Again did Frank have that deep conviction that there was something strange about this Luther Snow, as he called himself. How a poor carpenter, who had never had a dollar he did not earn himself, could spend years in hunting just for pleasure, all over Asia and Africa, bothered him. But some day he expected to know what the key could be to this riddle.

That night the talk was all about past experiences that had come the way of the four Outdoor Chums. One story brought up another, and through it all Luther Snow sat there, listening as though spellbound. If he had been somewhat of a traveler and a hunter, as an old man; surely these boys deserved more or less credit for what they had been through, considering their years.

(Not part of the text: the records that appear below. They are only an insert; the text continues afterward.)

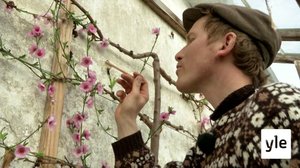 Tanskalainen maajussi: 30.11.2020 13.00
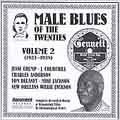 Male Blues Of The Twenties Vol. 2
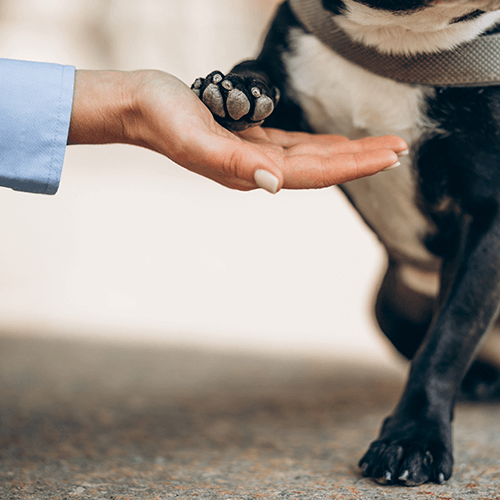Chien qui donne la patte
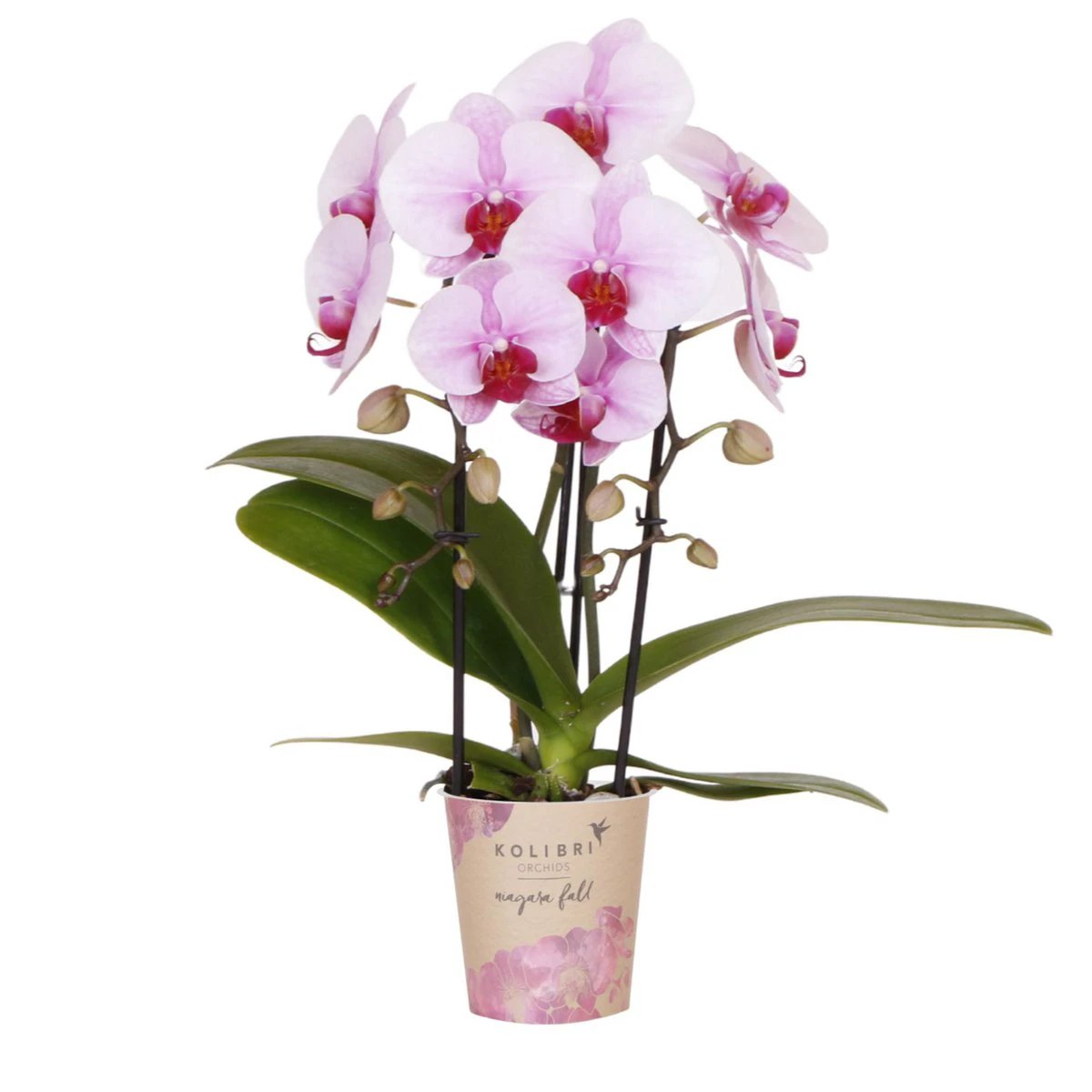 Colibr Orchids | pink Phalaenopis orchid - Nagara Fall - potmate Ø9cm | -driving room plant - freshly from the grower by Kolibri Company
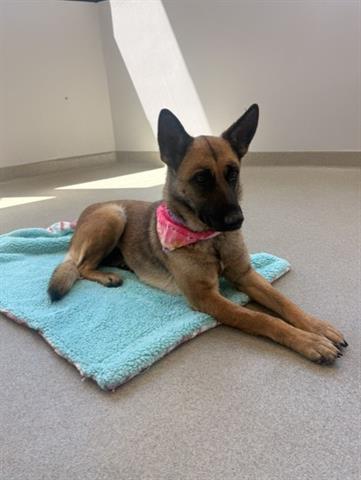 BRENDA, an adoptable Belgian Shepherd Malinois in San Martin, CA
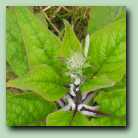 [Click to enlarge image]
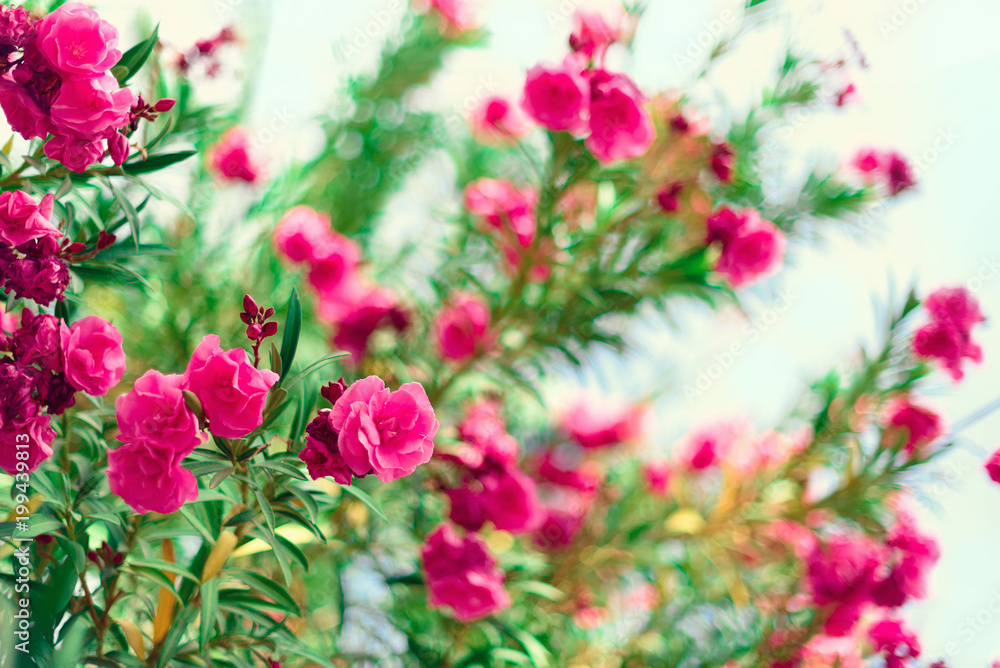 Blossom spring, exotic summer, sunny day concept. Blooming pink oleander flower or nerium in garden. Wild flowers in Israel. Selective focus. Copy space. Blossom spring, exotic summer, sunny day concept. Blooming pink oleander flower or nerium in garden. Wild flowers in Israel. Selective focus. Copy space.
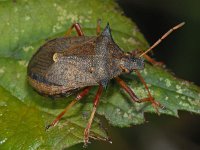 Picromerus bidens #09263 : Picromerus bidens, female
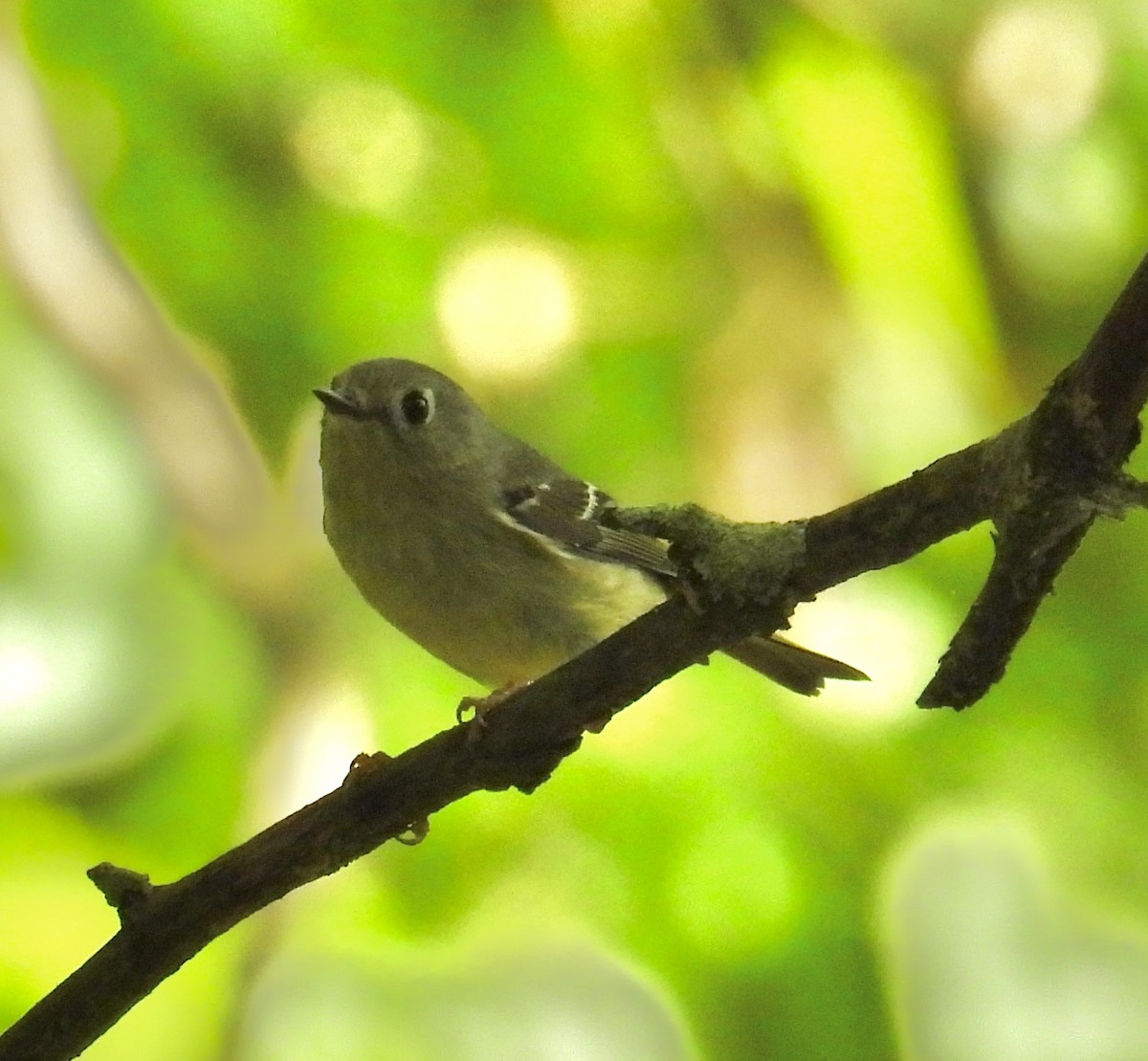 Ruby-crowned Kinglet - ML617443152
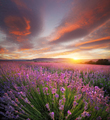 Meadow of lavender. - PhotoDune Item for Sale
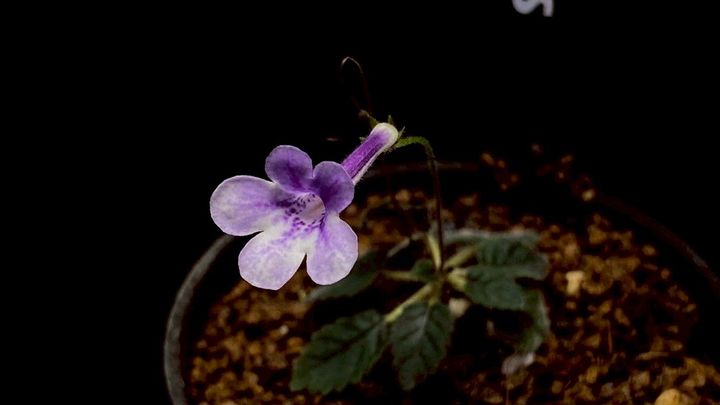 LINE_ALBUM_20251228_251228_77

Frank felt drawn toward the man in spite of himself. There were times when he believed that if this mystery that hung over Luther Snow could only be lifted he might look on him with friendly eyes.

But he never wavered in the least with regard to that resolution he had taken, which was to the effect that when they reached the city on the bluff, Memphis, he would play a little lone hand he was arranging, and see to it that Luther was left behind; with plenty of money in his pocket, placed there secretly, to cover all further expenses down to the city he wished to reach, according to his story – New Orleans.